# Shanty heater



## CHOPIQ (Apr 6, 2004)

I was at Wal Mart in Hilliard last night and they have catalytic heaters for $10. It is 880 BTU heater with a carrying case, 2 thermal blankets and waterproof matches. It would the perfect size for shanties.


----------



## tpet96 (Apr 6, 2004)

Would 880 be enough though? When I was fishing hard through the ice, I had a 9000 BTU, and sometimes it wouldn't keep up.


----------



## Richs63Corvair (Apr 6, 2004)

For 10 bucks buy 2.......Rich


----------



## husky hooker (Apr 6, 2004)

all depends how big your shed is,probly work for small one man.


----------



## Huntinbull (Apr 10, 2004)

Lantern used to work good in my shanty, you would have your coat open in no time.
Huntinbull


----------



## Big Daddy (Apr 6, 2004)

Heaters? Oh man. You guys need to dress for the weather! LOL. All the movement I get from drilling holes pulling fish through the ice keeps me warm.

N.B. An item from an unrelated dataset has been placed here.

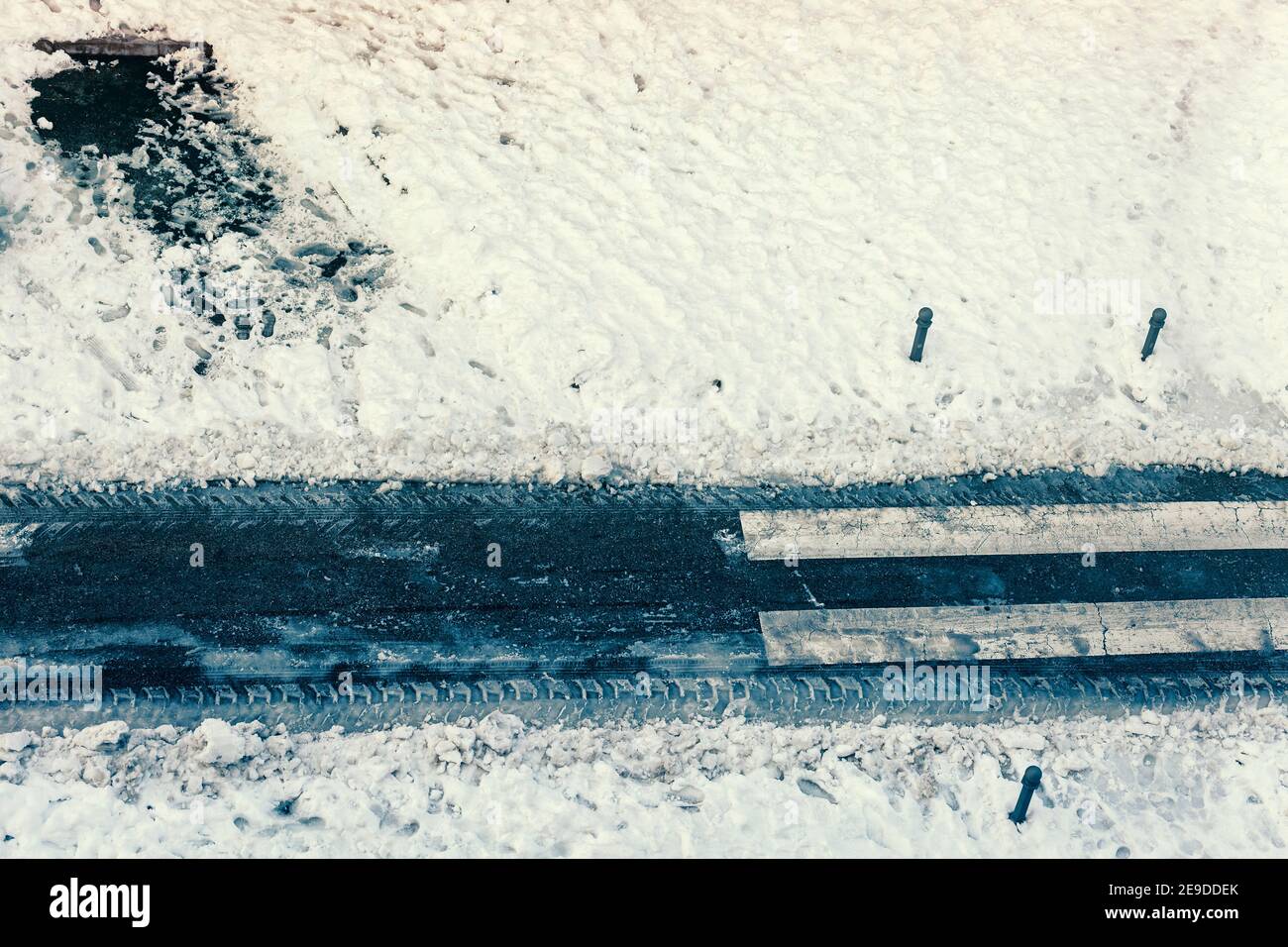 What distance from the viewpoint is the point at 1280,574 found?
8.94 metres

Maybe someday. My goal for this season is purchasing a power auger, then maybe I'll need that heater!


----------



## atrkyhntr (May 31, 2004)

Clothes is the real ticket + lantern = BIG FUN


----------



## Phil Carver (Apr 5, 2004)

Just take ZFISH out with you ! He's so full of hot air it will stay 75 degrees in the shanty even on the coldest days !


----------



## Zfish (Apr 5, 2004)

Lol Thanks Phil.. I do like ice fishing though and I do keep warm so Im gonna take that as a compliment.


----------



## hardwaterfan (Apr 6, 2004)

http://cabelas.com/cabelas/en/commo...e+matchall&Nty=1&Ntt=propane+heater&noImage=0

Heres a link to a search of cabelas "propane heaters"

The Coleman Power Cat looks like it would be perfect for a one man shelter!
I like the fact that it has a fan to blow the warm air out. Probably enough to take the edge off any cold air, huh? Super small size, too.


----------



## crappielooker (Apr 5, 2004)

i got one of those hardwater fan..its great for my van when i'm out in mid winter carping in the blizzard... i have never use the fan on it yet..


----------



## hardwaterfan (Apr 6, 2004)

thanks for the report on it cl....


----------



## hardwaterfan (Apr 6, 2004)

I took a look at that Power Cat today, its not small at all like i said earlier. Still kinda nice though.


----------